Gartner-Analysten stellen zehn Dinge vor, die Einzelhändler über Online-Netzwerke wissen sollten und wie sie sich engagieren können
Laut dem IT-Marktforschungs- und Beratungsunternehmen Gartner müssen Einzelhändler sich angesichts der rasant steigenden Nutzerzahlen in Online-Netzwerken engagieren, wenn sie diese Zielgruppen erreichen wollen. Zwar haben bislang eher ausschließlich jüngere Gesellschaftsschichten sich in Social Networks engagiert, es lässt sich jedoch allmählich eine Öffnung hin zu breiteren Bevölkerungsgruppen erkennen, die auch für Einzelhändler wichtig sind, so zum Beispiel Karrierenetzwerke, Shopping-Netzwerke und Arbeitnehmergruppen.
Laut Gartner-Analyst Hung LeHong kann das Engagement des Einzelhandels von der eigenen Social Community zur Feedbackerfassung über die Erstellung einer Marketing-Präsenz in großen Online-Netzwerken bis hin zur einfachen Beobachtung der Diskussionen über die eigene Marke reichen.
Zehn Dinge, die Einzelhändler über soziale Netzwerke wissen sollten, finden Sie in untenstehendem Originaltext.
Stamford, Conn., May 1, 2008 — With the increased consumer traffic that social networks are generating on the internet, retailers must have a position on social networks, according to Gartner, Inc. Although social networks have tended to centre on younger demographic groups, they are expanding into wider groups that matter to a broader base of retailers such as career-based social networks, shopping-based social networks, and employee groups.
“Until recently, retailers considered social networks relevant only for the youth market, meaning that many have largely ignored them,” said Hung LeHong, research vice president at Gartner. “However, as social networks expand to embrace ever-wider demographic groups, retailers need to ensure that they have a position on them.”
Mr. LeHong said that these positions can range from creating their own social community to gather feedback, to creating a marketing presence on large social networks, or to simply observing how brands are discussed and perceived. Gartner has created a list of the top ten things retailers should know about social networks and what action to take.
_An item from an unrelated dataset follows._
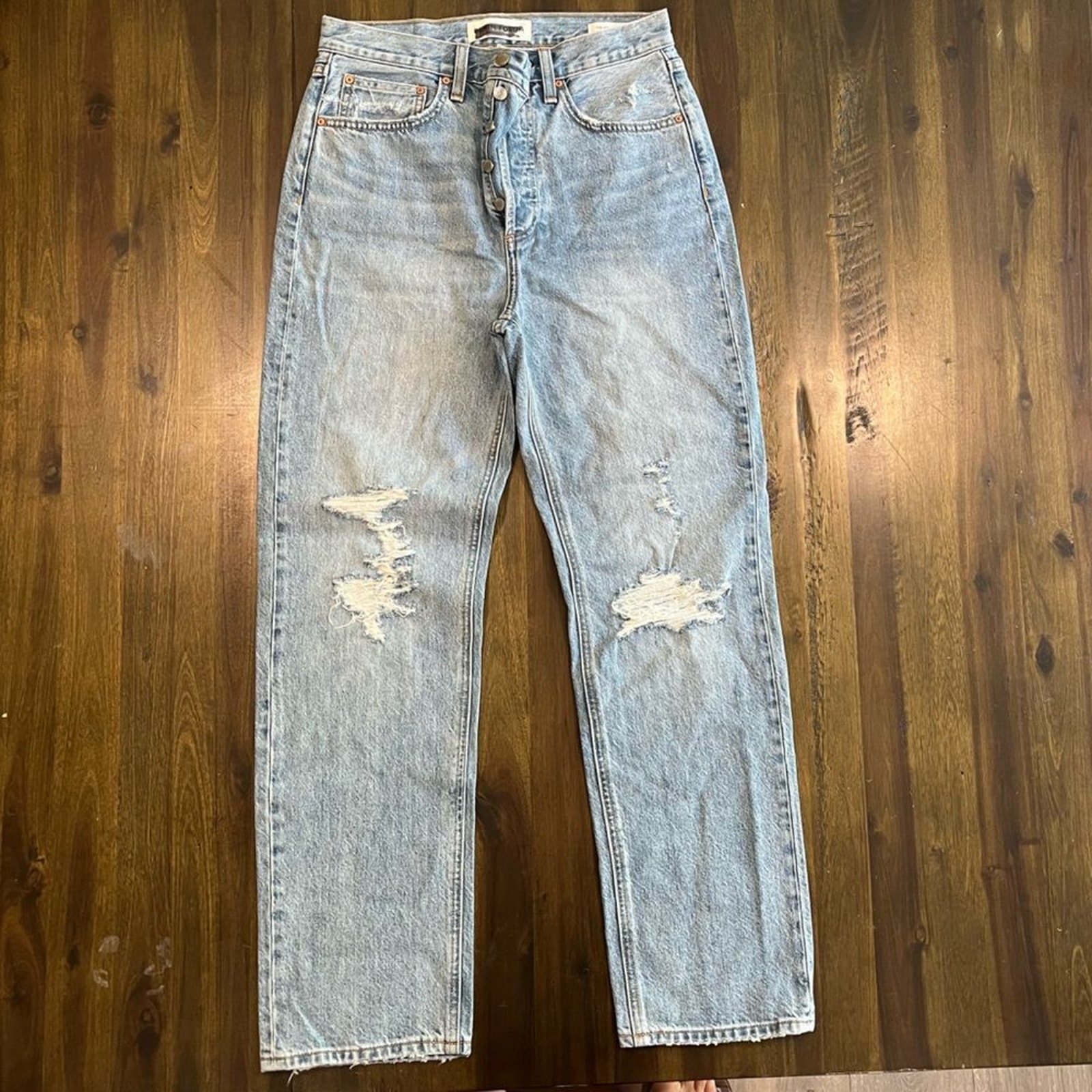 Denim Forum Aritzia Joni High Rise Loose Jeans - Size 26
1.There are Social Sites, and Then There are Social Platforms
Social sites can include features such as discussion forums and consumer reviews. A social platform is a large public site that enables users to do the same things as on a social site, but also creates a platform that encourages and eases the development of applications, widgets and mashups. What a retailer is capable of doing on a social network will be determined by the platform's capabilities. Whether a retailer requires a social site, platform or both depends on where the target market resides and which social vehicles are required.
2.Social Network Sites Go Way Beyond MySpace and Facebook But Reconsolidation Has Started
Gartner estimates that an individual is able to participate in one to three social networks in any meaningful way. Because there are only so many social networks to participate in, consumers are starting to shift to the large centres of gravity (for example, MySpace and Facebook in North America). Analysts believe that the social network market has not yet settled, so retailers should be cautious with their investments on any one social network.
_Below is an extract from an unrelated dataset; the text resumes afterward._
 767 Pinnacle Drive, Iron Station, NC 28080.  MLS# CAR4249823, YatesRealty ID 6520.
3.Social Networks Are Rich in Word-of-Mouth Discussions About Retailers and Products
Retailers should view social networks as a lead-generation channel just as they would search engines, review sites, and price comparison sites. Lead-generation vehicles range from banners, to search term bidding, to application programming interfaces (APIs) that enable social networks to access the retailers’ consumers.
4.Social Graphs Make Word-of-Mouth Relationships Known and Usable
Social graphs describe how friends are formally linked to each other on a social network. Word of mouth is effectively amplified by making social graphs usable by friends and business entities on a social network. To benefit from social graphs, Gartner says that retailers must first understand how each of the major social networks will allow them to leverage their graphs, then decide what to do with that access. For example, analysis of social graphs can be useful in discovering how consumer groups are linked together.